Lee had been with Ripplewood for 13 years, and had stayed on at the firm even while many of the executives he had worked with departed. One of those, Ian Snow, left Ripplewood in 2005 to co-found SPG Partners, a mid-market private equity firm.

Tim Collins, the firm’s founder, tends to keep his cards close to his chest. In 2007, he hired Harvey Golub, former chief executive officer of American Express, to help build up the executive management of the firm. It’s not clear if Golub is still with the firm.
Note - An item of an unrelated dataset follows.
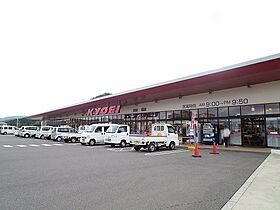 ルミエール古庄III 106 ｜ 徳島県阿南市羽ノ浦町古庄古野神55番地2（賃貸アパート1LDK・1階・40.02㎡） その15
Collins: intent on a return to market

According to multiple market sources, Ripplewood halted fundraising for its third fund, which had an initial target of $2.5 billion, in 2008 and hasn’t re-started the process.

Collins confirmed to PEI via email that the firm does intend to re-enter the market to raise Fund III, but did not elaborate on exactly when this could happen.

Ripplewood remains best known for its turnaround of Japanese bank Long Term Credit Bank of Japan. Ripplewood and JC Flowers took over the bank in 2000 for $1.2 billion and renamed it Shinsei. Key to the deal was a guarantee from the Japanese government’s Deposit Insurance Corporation that it would buy back any bank loan that lost 20 percent or more of its value. Shinsei ultimately shifted some $10 billion in bad debt to the government under this agreement.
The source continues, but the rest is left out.